--- EXERCISE INPUT Enclosed Below ---

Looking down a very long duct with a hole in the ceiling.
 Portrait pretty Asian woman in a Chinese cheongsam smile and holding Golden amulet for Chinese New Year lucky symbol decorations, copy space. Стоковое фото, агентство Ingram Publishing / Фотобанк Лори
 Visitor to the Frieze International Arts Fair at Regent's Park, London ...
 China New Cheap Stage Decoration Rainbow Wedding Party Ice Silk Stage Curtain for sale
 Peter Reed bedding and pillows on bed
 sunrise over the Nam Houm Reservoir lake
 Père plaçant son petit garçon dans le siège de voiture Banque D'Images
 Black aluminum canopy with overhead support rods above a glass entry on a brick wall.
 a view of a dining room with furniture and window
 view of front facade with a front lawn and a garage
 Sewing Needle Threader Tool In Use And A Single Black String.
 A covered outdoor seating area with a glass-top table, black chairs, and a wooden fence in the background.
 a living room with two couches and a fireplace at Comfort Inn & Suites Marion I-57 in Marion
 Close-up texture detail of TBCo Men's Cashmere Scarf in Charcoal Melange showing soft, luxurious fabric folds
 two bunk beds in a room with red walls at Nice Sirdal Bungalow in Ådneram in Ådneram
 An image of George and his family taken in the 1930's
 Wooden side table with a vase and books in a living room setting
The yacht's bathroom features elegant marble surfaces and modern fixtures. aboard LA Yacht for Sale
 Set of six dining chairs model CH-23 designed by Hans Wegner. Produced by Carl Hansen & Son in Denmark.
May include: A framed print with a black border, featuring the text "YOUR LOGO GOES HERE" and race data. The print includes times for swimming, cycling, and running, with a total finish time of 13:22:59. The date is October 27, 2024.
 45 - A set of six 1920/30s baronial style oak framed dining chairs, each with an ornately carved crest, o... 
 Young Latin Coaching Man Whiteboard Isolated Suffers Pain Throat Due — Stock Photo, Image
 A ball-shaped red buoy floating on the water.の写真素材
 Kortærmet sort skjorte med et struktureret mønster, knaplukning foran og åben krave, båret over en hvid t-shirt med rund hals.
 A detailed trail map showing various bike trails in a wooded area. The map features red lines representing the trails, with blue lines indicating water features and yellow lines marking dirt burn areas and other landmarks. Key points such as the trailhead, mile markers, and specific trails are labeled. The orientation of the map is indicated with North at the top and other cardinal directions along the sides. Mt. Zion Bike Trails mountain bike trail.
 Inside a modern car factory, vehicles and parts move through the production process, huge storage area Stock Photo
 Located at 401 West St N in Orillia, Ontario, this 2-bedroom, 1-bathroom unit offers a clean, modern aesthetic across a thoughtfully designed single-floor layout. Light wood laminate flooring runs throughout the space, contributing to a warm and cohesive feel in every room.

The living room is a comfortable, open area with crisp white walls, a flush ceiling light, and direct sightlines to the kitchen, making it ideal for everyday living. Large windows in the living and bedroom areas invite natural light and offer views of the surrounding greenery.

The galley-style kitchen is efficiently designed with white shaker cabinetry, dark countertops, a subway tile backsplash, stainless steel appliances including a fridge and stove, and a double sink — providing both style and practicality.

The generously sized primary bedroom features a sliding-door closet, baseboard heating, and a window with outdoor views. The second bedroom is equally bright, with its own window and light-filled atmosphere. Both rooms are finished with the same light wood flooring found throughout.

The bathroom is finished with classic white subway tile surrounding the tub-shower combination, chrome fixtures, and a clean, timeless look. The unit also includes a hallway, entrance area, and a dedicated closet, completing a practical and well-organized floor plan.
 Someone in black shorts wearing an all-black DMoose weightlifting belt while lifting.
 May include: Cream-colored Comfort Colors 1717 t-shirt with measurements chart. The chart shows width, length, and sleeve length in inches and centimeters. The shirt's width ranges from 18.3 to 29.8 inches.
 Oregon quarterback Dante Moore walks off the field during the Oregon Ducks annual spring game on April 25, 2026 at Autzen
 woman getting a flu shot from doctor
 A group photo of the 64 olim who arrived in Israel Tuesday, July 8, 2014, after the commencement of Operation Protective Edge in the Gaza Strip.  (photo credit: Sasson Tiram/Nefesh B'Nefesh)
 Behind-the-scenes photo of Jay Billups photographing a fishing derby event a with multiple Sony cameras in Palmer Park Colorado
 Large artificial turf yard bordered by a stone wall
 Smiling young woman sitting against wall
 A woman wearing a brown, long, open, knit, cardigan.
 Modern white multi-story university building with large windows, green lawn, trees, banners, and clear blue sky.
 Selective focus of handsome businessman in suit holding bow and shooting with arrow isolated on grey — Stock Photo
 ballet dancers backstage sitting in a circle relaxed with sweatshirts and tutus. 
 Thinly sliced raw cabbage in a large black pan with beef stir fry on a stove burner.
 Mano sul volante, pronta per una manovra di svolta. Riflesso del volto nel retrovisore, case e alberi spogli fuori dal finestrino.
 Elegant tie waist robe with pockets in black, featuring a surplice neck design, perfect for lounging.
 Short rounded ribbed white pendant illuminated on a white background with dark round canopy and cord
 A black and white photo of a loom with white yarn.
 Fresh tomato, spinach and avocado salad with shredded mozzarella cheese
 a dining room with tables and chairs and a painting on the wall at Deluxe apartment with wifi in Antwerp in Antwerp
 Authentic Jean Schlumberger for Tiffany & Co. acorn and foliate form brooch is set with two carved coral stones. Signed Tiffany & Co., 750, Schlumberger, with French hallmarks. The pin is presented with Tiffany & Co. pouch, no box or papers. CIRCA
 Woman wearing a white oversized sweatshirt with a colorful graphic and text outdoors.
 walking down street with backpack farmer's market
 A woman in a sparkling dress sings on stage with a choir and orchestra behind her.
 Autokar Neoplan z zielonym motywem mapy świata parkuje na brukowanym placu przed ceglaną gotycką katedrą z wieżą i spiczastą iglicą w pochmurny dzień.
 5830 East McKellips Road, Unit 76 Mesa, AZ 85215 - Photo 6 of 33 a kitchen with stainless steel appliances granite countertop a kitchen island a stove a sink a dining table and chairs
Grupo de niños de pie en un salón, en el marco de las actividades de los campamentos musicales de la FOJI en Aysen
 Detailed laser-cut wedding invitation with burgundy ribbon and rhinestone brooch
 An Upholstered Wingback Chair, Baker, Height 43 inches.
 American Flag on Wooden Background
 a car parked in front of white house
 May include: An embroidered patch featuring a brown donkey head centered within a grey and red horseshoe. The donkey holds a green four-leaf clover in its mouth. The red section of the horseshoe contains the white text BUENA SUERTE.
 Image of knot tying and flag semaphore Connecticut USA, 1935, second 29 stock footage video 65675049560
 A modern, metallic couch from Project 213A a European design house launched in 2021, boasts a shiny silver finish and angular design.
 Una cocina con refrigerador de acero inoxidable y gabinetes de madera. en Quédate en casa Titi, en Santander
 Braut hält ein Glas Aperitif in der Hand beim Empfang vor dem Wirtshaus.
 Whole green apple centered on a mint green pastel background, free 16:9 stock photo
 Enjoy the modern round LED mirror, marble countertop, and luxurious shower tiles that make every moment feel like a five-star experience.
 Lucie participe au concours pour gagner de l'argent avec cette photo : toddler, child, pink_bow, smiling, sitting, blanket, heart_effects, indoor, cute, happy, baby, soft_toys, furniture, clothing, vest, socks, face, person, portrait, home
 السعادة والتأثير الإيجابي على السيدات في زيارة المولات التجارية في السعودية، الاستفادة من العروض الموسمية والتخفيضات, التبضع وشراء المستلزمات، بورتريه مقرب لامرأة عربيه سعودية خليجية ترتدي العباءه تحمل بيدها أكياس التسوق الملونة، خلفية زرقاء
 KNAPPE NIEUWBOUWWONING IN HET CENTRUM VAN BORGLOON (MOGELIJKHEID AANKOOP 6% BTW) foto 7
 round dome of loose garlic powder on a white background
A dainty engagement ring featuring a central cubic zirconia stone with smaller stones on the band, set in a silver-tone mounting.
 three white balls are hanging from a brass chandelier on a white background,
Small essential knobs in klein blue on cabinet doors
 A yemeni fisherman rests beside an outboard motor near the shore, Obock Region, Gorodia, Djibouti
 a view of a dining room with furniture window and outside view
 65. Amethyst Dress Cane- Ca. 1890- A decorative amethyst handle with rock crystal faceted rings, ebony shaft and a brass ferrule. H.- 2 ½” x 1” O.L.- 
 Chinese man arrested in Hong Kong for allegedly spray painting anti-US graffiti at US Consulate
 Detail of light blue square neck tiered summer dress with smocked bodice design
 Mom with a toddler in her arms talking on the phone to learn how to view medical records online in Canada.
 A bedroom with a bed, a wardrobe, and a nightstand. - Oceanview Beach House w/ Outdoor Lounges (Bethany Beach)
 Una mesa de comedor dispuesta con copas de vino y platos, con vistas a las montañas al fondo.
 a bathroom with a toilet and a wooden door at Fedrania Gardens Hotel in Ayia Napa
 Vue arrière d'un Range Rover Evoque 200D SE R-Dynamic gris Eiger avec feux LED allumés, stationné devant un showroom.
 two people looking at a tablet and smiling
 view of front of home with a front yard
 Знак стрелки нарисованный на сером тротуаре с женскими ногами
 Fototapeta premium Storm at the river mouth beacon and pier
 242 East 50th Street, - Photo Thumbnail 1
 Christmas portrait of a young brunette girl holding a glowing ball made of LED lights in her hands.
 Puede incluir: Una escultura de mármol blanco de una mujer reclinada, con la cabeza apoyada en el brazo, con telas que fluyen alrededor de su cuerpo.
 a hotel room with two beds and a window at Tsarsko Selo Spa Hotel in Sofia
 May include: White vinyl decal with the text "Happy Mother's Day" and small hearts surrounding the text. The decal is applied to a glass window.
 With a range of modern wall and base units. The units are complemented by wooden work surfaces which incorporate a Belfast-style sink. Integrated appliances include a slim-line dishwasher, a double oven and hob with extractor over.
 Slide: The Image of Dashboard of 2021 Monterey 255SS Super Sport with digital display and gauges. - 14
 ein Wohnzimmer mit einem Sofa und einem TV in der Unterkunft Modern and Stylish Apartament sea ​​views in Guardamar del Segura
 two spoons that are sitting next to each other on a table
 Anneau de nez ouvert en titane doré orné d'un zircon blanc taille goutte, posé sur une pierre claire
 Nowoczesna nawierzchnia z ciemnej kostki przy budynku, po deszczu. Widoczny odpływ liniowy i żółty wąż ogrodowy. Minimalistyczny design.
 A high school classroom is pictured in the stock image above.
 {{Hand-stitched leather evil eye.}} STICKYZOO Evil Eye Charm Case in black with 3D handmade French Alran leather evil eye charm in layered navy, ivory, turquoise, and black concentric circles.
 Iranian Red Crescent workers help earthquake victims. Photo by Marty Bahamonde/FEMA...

--- End of Enclosed EXERCISE INPUT ---

• [WORK REQUEST]
What is needed is a word-for-word copy of the records above, from the first line through the line that contains "Peter Reed bedding and pillows on bed".

• [ANSWER TO THE EXERCISE]
Looking down a very long duct with a hole in the ceiling.
 Portrait pretty Asian woman in a Chinese cheongsam smile and holding Golden amulet for Chinese New Year lucky symbol decorations, copy space. Стоковое фото, агентство Ingram Publishing / Фотобанк Лори
 Visitor to the Frieze International Arts Fair at Regent's Park, London ...
 China New Cheap Stage Decoration Rainbow Wedding Party Ice Silk Stage Curtain for sale
 Peter Reed bedding and pillows on bed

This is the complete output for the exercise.